葬儀の簡素化が進み、供物を贈る習慣も以前に比べて減ってきました

葬儀の場合の供物とは、故人の霊を慰めるため、また故人は仏様への感謝の気持ちを表すことを目的として祭壇にお供えする品物のことを言います。供花と同じくらいの大きさの籠に缶詰や果物などが美しく並べられ、祭壇の脇に飾られるのが一般的です。

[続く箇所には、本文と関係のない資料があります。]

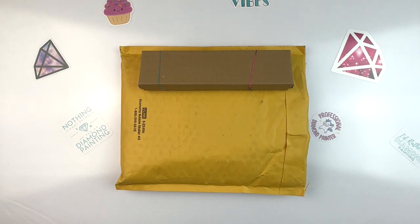Hello fellow diamond painting addicts and welcome back to Diamond Painting Anonymous. I'm Daphne and I'm here today to unbox some diamond painting finds. I'm excited about these — we'll see what you think.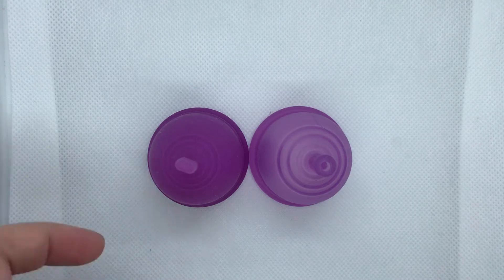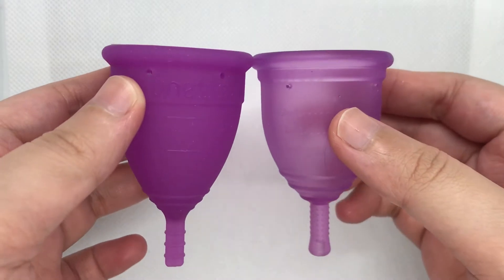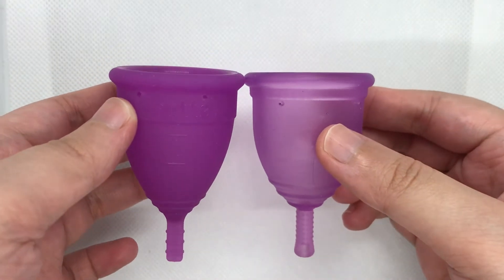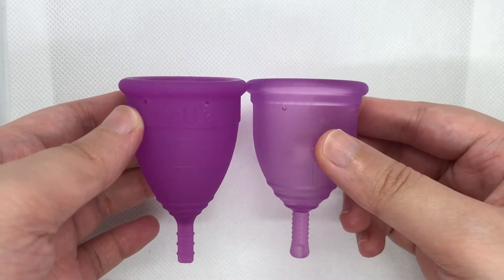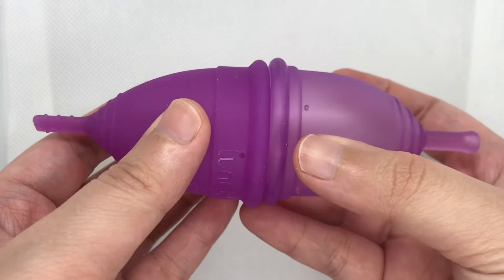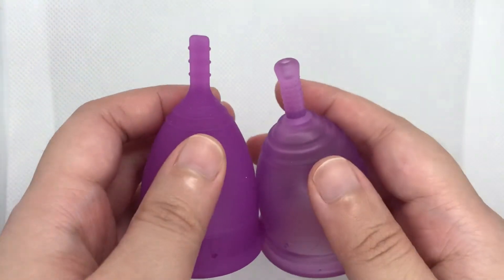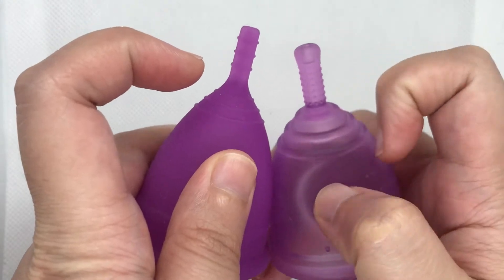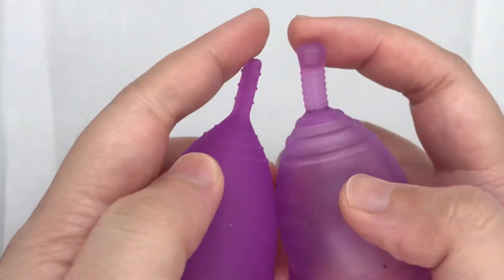Here's a video comparison of the Lunette in Model 2 and the Ruby Cup in size medium. Here are the lengths, diameter, grip rings, and stems.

供物の内容は、地域によって特色があり、シイタケなどの乾物、干菓子や練りきりなどの和菓子、調味料、コーヒーや紅茶、線香など実にさまざま。これらを入れる籠の形や、装飾されているリボンや花なども、地域や業者によって異なりますので、供物を贈りたい場合は飾られた場合の統一感も考慮し、施行を担当する葬儀社へ、直接依頼したほうが良いでしょう。

盛籠にしない場合

盛籠を供物として贈る場合、だいたい1万円~1万5000円くらいが相場。中には「供物は贈りたいけれど、香典も持参して1万円もする供物を贈ったら、逆に遺族の負担になってしまうのでは」と考えてしまう人もいるでしょう。その場合は、先方が負担を感じない数千円程度の小ぶりな供物(線香やろうそく、故人が好きだった菓子など)を包んで、直接持参してはいかがでしょう。表書きは「御供物」とし、水引は黒白(もしくは双銀)の結びきりで。

宗教による違い

仏式以外の宗旨・宗派の場合は下記のとおりです。
■神式の場合
祭壇にはお酒、海の幸などが供えられます。一般的には仏式に準じてOKですが、お香は贈らないよう注意しましょう。
■キリスト教の場合
キリスト教式では、生花以外の供物のしきたりはありません。

供物辞退の場合

葬儀の案内に「供物・供花はご辞退申し上げます」という一文が入っていることがあります。このような場合は遺族の意向に従い、供物や供花を贈ることは控えます。ただし、「香典辞退」と入っていなければ、香典は受け取るという意味ですから間違えのないように。

供物のおすそ分け

葬儀後の供物は、基本的には遺族が引き取りますが、親戚や一般の方にも分けて差し上げることがあります。おすそ分けに預かった人は、できるだけ断らずに遺族の意向を汲み取って受け取ります。

※盛籠から供物をばらすことを棚崩しという地域もあります。